I have a friend (hi Jeff) who has really dug into using some of my command line tools like Howzit and na. Working with him on setting them up in his own environment has inspired some refactoring of both tools. I mentioned some major updates to Howzit last month, but had only made minor fixes to na up until this week.
I had a sleepless night on Sunday and decided to dig into patching up na. It was an unwieldy Bash script that was a real pain to fix, and took extra finagling to make it work in shells other than Bash. So I completely rewrote it and turned it into a gem-based CLI. The new CLI is backwards compatible, but adds new features and is a more manageable tool.
Now you can install na as easily as gem install na
(you may need sudo gem install na
, depending on your Ruby setup). Run na help
for a list of all commands, and run na help COMMAND
for options and details on each command. All of that output is laid out in the docs.

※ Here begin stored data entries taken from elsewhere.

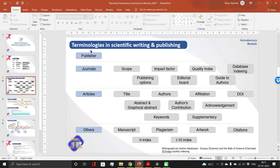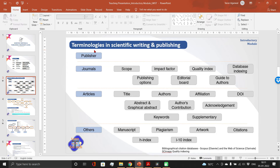I always recommend my students to restrict their publications within these publishers. The first reason is that they are renowned, and many papers published under these publishers get an impact factor. This impact factor is very much necessary for any author because it adds value to your CV.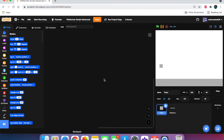Welcome back to another Scratch tutorial. In this tutorial we're going to be learning how to make an advanced platforming script here on Scratch, similar to my futuristic neon project and some other platforming projects I've made. This script is all one custom block, but this tutorial is going to include way more cool new features like friction, momentum, wall jumping, and slope detection in a much more elegant manner.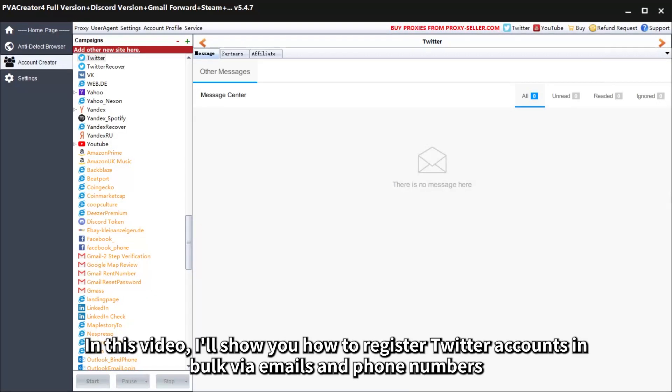Hello everyone! In this video, I'll show you how to register Twitter accounts in bulk via emails and phone numbers.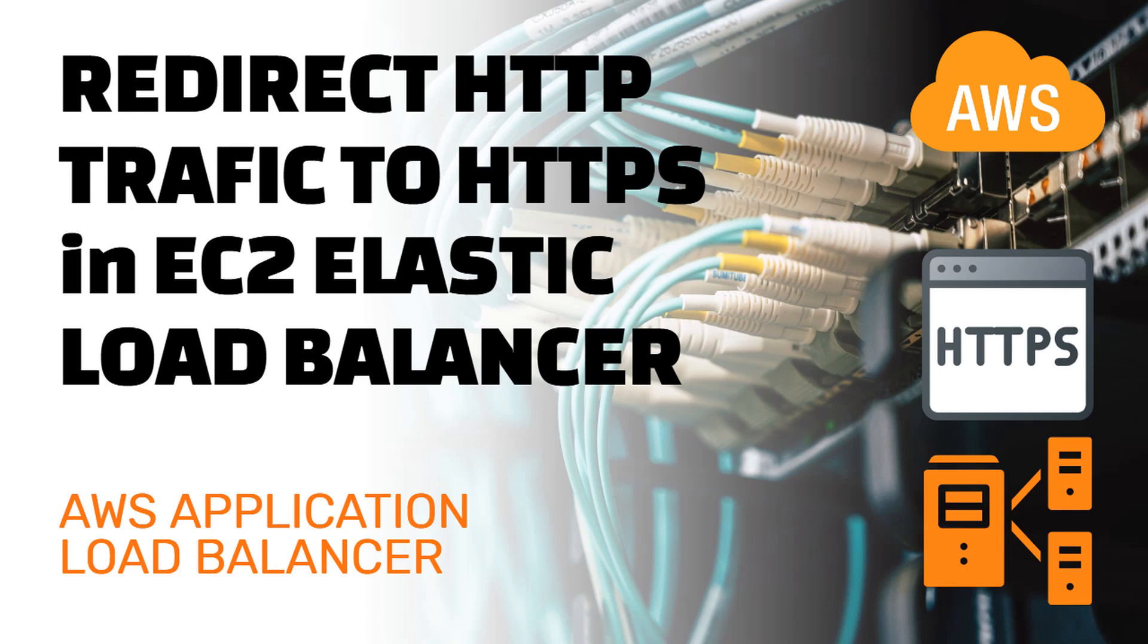Hi and welcome to another Majestic.cloud video. My name is Laszlo and I'm going to show you today how to route all your HTTP requests to HTTPS in the EC2 Elastic Load Balancer.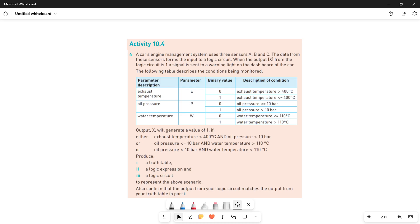As-salamu alaykum students, this is Farwa Batul, your O-level computer science instructor, and welcome to another video. Here we have activity 10.4 question number 4. The question says that a car's engine management system uses three sensors A, B, and C. The data from these sensors forms the input to the logic circuit. When the output X from the logic circuit is 1, a signal is sent to the warning light on the dashboard of the car.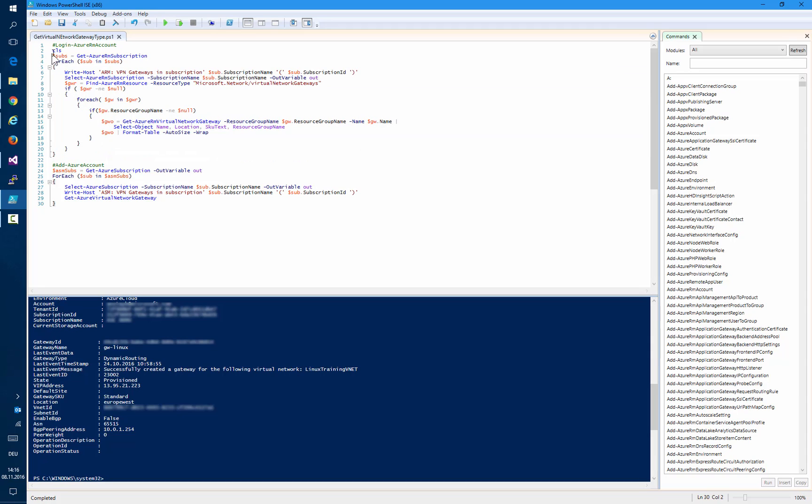In order to fully cover our deployment, this script is searching for resource manager subscriptions as well as service manager subscriptions. Note that the gateways provided with resource manager may also be visible in your service manager subscriptions.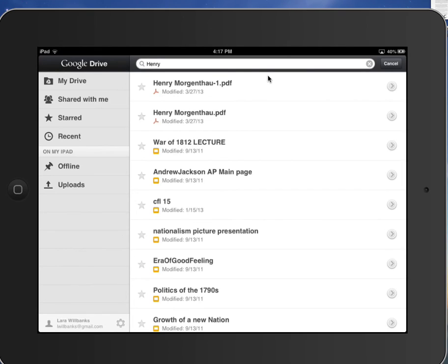That's just a little work with PDF Expert. I'm sure there's even more you can do with it — this is just me playing around with it for a bit — but it's a really cool app and I hope you enjoy it.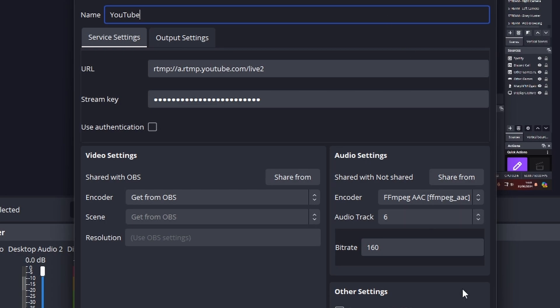That's how my YouTube one is set up there. You can see the URL there, the stream key set up, get from OBS and my audio settings I have set separately to do the FFmpeg. So I want my audio track number six, which is my normal Twitch VOD soundtrack, which doesn't include copyright music.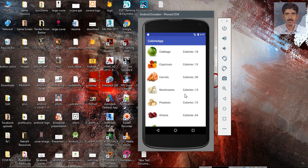We are going to use Retrofit for fetching information from the remote database, and we are going to perform a GET request with some parameters using the query annotation. This is our Android application.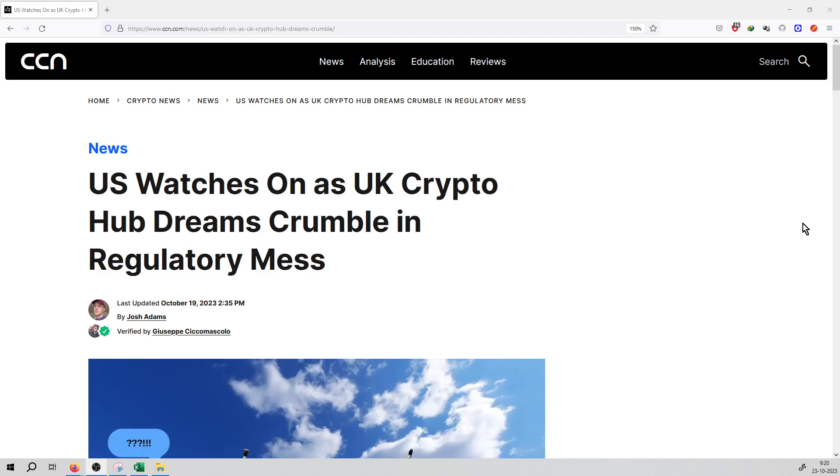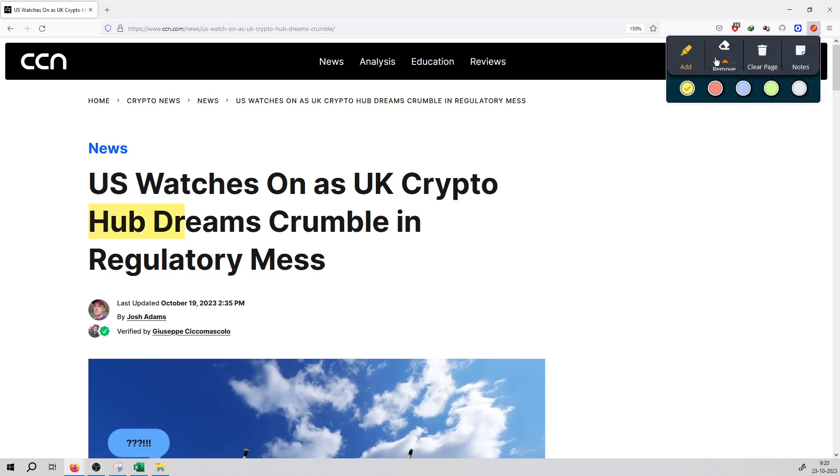So friends, the article today is from USA on CCN.com. The news headline is US Watches as UK Crypto Hub Dreams Crumble in the Regulatory Mess.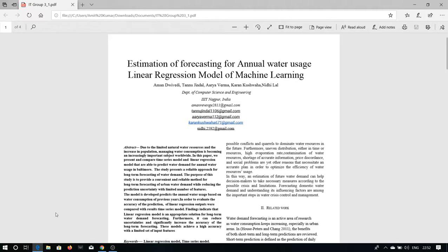In this paper, we present and compare the time series model and linear regression model that are able to predict water demand for the annual water usage in Baltimore. The purpose of this study is to provide a convenient and reliable method for long-term forecasting of urban water demand while reducing the prediction uncertainty with limited number of features.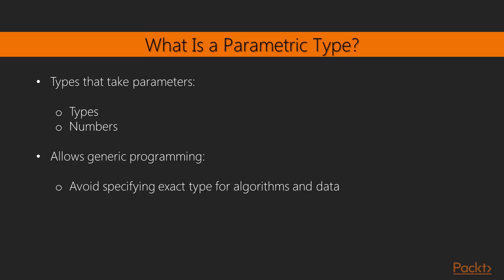So first, what is a parametric type? Well, it's a type that takes parameters. And these parameters, they could either be other types, or they could really be anything. It could be a number, for instance, which is what we're going to look at in the next video, in one of the examples. And parameter types is something that allows us to do generic programming. This is a term that was coined by the creator of the standard template library, Alexander Stepanov. And it makes sense for statically typed languages because it allows us to create algorithms and data structures without specifying the types they're operating on exactly, so that you can reuse your code for different types.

So let me back up and explain a bit for those who haven’t already heard of na. It’s a tool for adding and viewing project-specific “next actions” in a TaskPaper file stored in each project directory. When you need to make a note about a new feature you want to add or a bug you discovered in project you’re working on, you just run na add "Fix output formatting @bug" --priority 4
and the task is added to a TaskPaper file in an Inbox project, creating a new file if needed. Running na next
will show you all the next actions in all TaskPaper files in the current directory. It can traverse subdirectories as well, and it stores a database of every TaskPaper file it sees so you can call up a project’s actions with na next PROJECT_NAME
, even when you’re not in that directory.
I love using na with prompt hooks. It can now output and install prompt hooks for Bash, Zsh, and Fish. Just run na prompt install
and it will detect your current shell and install the appropriate file. Once installed, every time you cd
into a project, it will automatically show you your next actions for that project. It’s nifty.
When it was a Bash script you had to use environment variables to save configuration options. Now you can set flags like alternate file extensions or default next action tag and save them to a config file in one command: na --ext md --na_tag next initconfig
.
You can also now search your TaskPaper files by tag (and tag value) or fuzzy search strings, allowing you to organize your todos in a flexible way. Want to see just your @maybe tasks? na tagged maybe
. You can do boolean searches for multiple tags matching tasks containing any or all tags specified.
As I mentioned, I kept it backwards compatible for the sake of anyone who’s already had it integrated into their workflow. It’s subcommand-based now, so you run commands like na next
and na add
, whereas previously you would run na
and na -a
. The latter still works. Once users have had a chance to transition to the new subcommand format, I’ll remove some of the legacy switches and flags.
Check out the na project page for installation and usage instructions. It’s not as massive a tool as something like Doing, but it does what it needs to quite well and has long been an indispensable part of my toolkit.